Course 4 · Week 1 — Validation, regularisation, multivariate

Cheatsheet — biostats_courses

Author

R. Heller

Cross-validation

Scheme	Use
k-fold (k = 5 or 10)	baseline, fast
Repeated k-fold	reduces Monte Carlo noise
Leave-one-out	small n, high variance
Stratified k-fold	imbalanced class labels
Grouped / blocked	correlated units (patients, sites)
Nested	honest evaluation of tuned models

Nested CV is the only defensible way to estimate generalisation error when you are also tuning hyperparameters.

Regularisation

library(glmnet)
x <- model.matrix(y ~ . - 1, df); y <- df$y
fit <- cv.glmnet(x, y, alpha = 1)     # alpha = 1 = lasso; 0 = ridge
coef(fit, s = "lambda.1se")           # sparse solution
plot(fit)                              # CV curve

lambda.min: empirical minimum of CV error.
lambda.1se: more regularised, simpler, within 1 SE of min.
Elastic net: alpha between 0 and 1 blends ridge and lasso.

Multivariate workhorses

Method	Purpose
PCA	variance → low-d summary; `prcomp(x, scale. = TRUE)`
FA	latent-variable modelling; `psych::fa`
CCA	correlation structure between two sets
LDA	supervised low-d projection; `MASS::lda`

pc <- prcomp(x, scale. = TRUE)
summary(pc)   # proportion of variance per PC

Scale before PCA when variables are on different units.

Clustering

km <- kmeans(scale(x), centers = 4, nstart = 25)
hc <- hclust(dist(scale(x)), method = "ward.D2")
library(mclust); bic <- mclustBIC(x)      # model-based, BIC-selected

Choose k by silhouette, gap statistic, or BIC.
Scale first.
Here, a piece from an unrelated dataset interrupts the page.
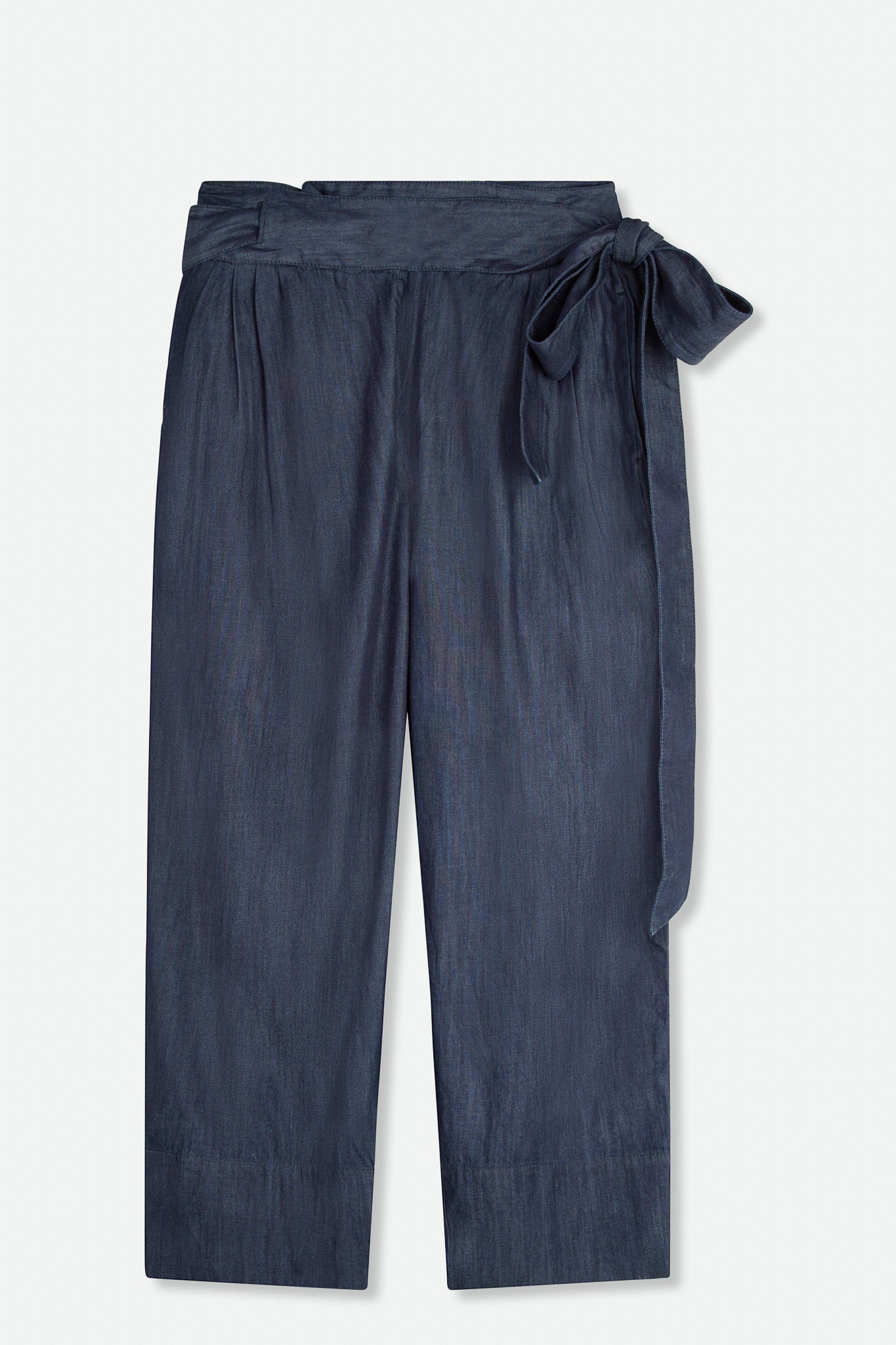 TIE PANT IN ITALIAN LIGHTWEIGHT DENIM - Jarbo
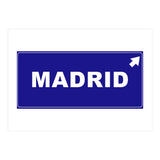 Let`s go to Madrid, Spain! Blue road sign (Print Only) thumbnail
K-means assumes round clusters of similar size.

Non-linear embeddings

library(uwot)
umap_xy <- umap(scale(x), n_neighbors = 15, min_dist = 0.1)

library(Rtsne)
ts <- Rtsne(scale(x), perplexity = 30)$Y

Embeddings are visualisations, not distances you should input into downstream stats. Global geometry is often distorted.

Decision rule for Week 1

Lots of predictors, small n → lasso; report lambda.1se.
Exploring structure → PCA + UMAP on scaled data.
Clustering for biology → model-based + sensitivity to k.
Tuning anything → nested CV.

Common pitfalls

Selecting features on full data, then estimating error by k-fold.
PCA before scaling when features are on different units.
Interpreting UMAP distances as real distances.
Using AUC on rank-ordered hold-out error as if it were CV error.